The first step conducted was inclusion characterization. By searching the specimen surface with a SEM, Ti(C,N) inclusions were found to be several micrometers long and several micrometers wide. The color of the inclusion was found to be a red-pinkish color. The color of the inclusion varies from a bright color to a dim color depending on the chemical composition of the inclusion. Basically the more Ti composition the brighter the color is. Compared to a MnS inclusion Ti(C,N) inclusions are hard and are not affected by rolling.

Macroscopic polarizations were conducted to determine the macroscopic corrosion behavior of the specimen. Under weak acid conditions the specimen showed an active dissolution as soon as it was anodically polarized.
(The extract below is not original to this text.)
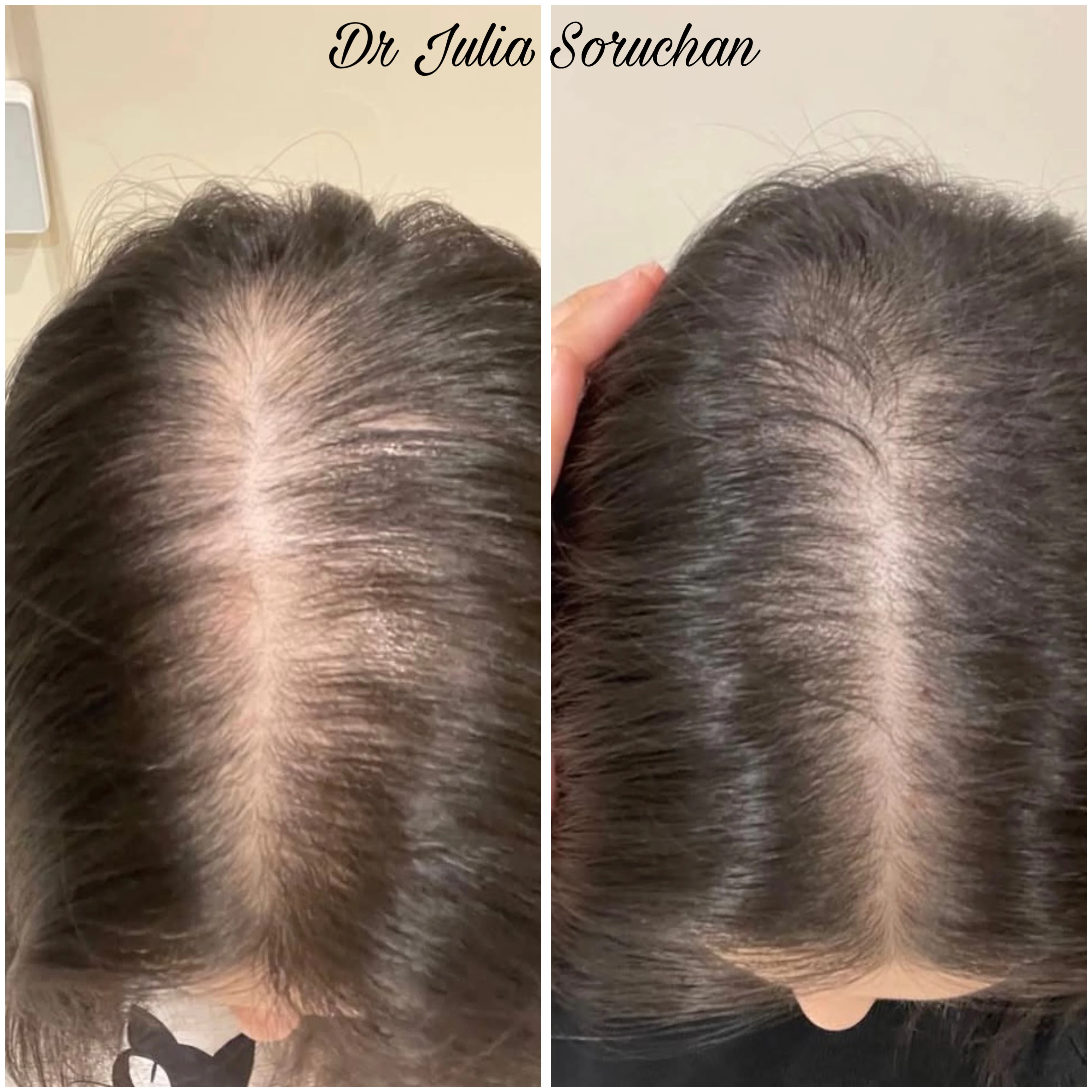 Tratamiento capilar - Antes y Después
On the other hand, cathodic polarizations showed the potential at which hydrogen started to form. (Fig. 1) This potential is important for determining the effect of Ti(C,N) on hydrogen embrittlement.

Microscopic polarizations were conducted to elucidate the electrochemical behavior of Ti(C,N) inclusions. Fig. 2 shows the cathodic polarizations curves of areas around Ti(C,N) inclusions and matrix areas that do not have inclusions in the target area.  By comparing the open circuit potentials of the two curves we can see that areas around Ti(C,N) shows a high open circuit potential. By taking into account the potential-pH diagram of Ti(C,N) (Fig. 3) we can confirm that Ti(C,N) inclusions show a stable region in a noble region. Since Ti(C,N)  are stable in a high potential, Ti(C,N) are likely to act as preferential cathodic reaction site.